Ms A. SANDERSON replied:

The member for Vasse, the opposition spokesperson on health, has clearly failed to read any of the detail, and as usual has totally misrepresented the approach and what has happened. It is not a cancellation of elective surgery. What we saw when hospitals were overwhelmed in the eastern states was a last-minute scramble to cancel people's surgeries. In Western Australia we have prepared and we are taking a sensible and orderly approach to what we expect will be the surge in our hospitals, and that is to give notice to people; it is not to cancel their elective surgery. There will be a period of scaling down during which bookings will not be put in place for category 3 and 2 surgeries only, and some category 2s will continue. It is a planned scaling down of non-urgent elective surgery. All urgent surgery will continue to occur.

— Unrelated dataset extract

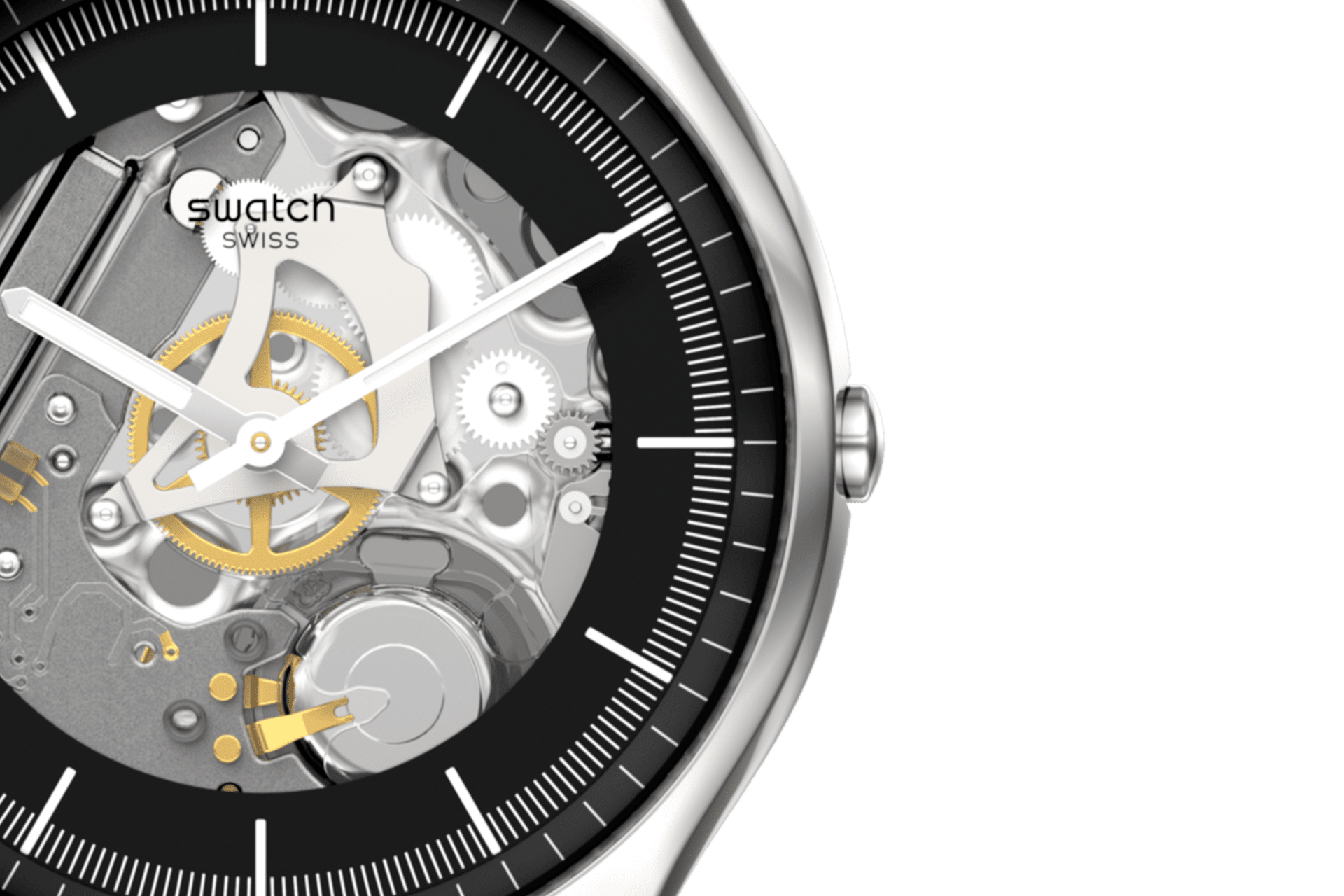 Swatch Monthly Drops Black Skeleton Watch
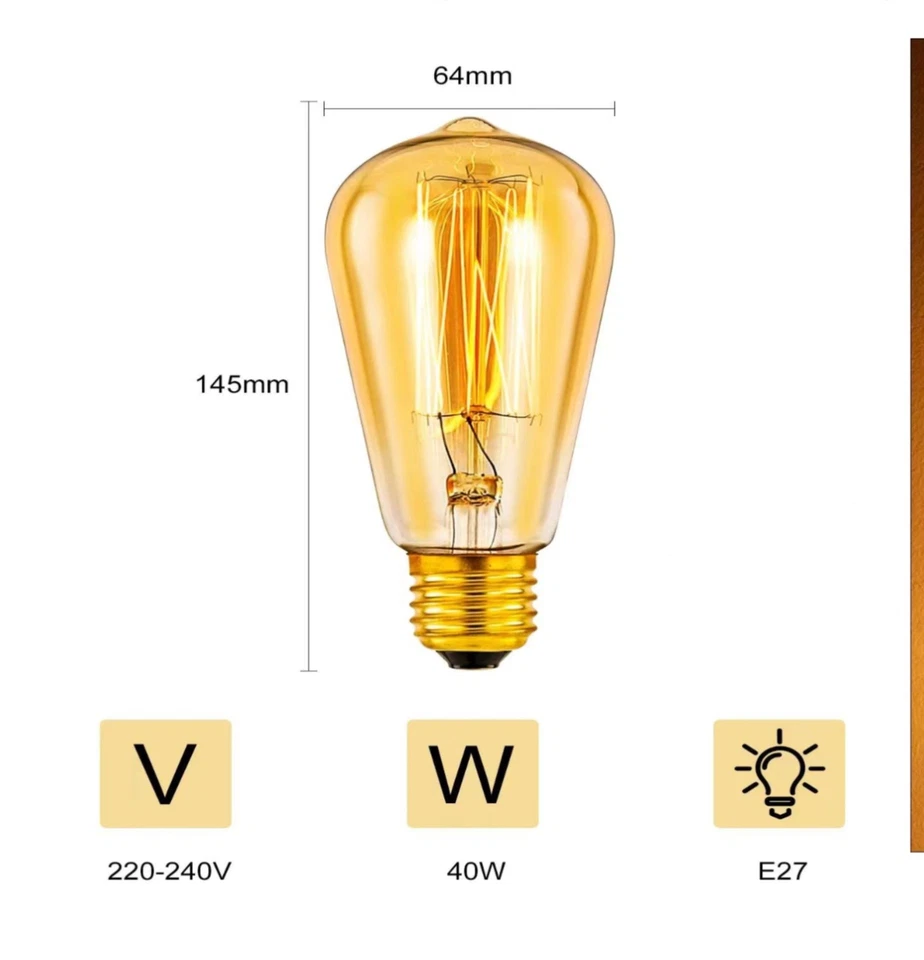 6 x ST64 Amber 40W ES DIMMABLE Light Bulb Squirrel CAGE TUNGSTEN FILAMENT  - Image 2 of 3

We put that date in place to give hospitals notice, and we gave the private sector notice that we would also put this in place for that sector in the following week. We have seen really strong management of this disease. The slowing down of the spread is working, and that is a good thing. The slowing down of the spread in the community is working. Therefore, we have been able to push that out for another two weeks, so we will continue to book people in to have their elective surgery. No-one has had their surgery cancelled due to COVID, unlike what we have seen in the eastern states.

I know that the member for Vasse likes to quote the Australian Medical Association regularly, but she failed to quote it on this issue. The AMA described the decision as a sensible approach, because it gives hospitals the opportunity to plan and it gives the government the opportunity to plan for the workforce when there is a surge. That is a sensible approach; that is a good approach. That is called using the time wisely, which is exactly what the opposition has been calling for for the last two years.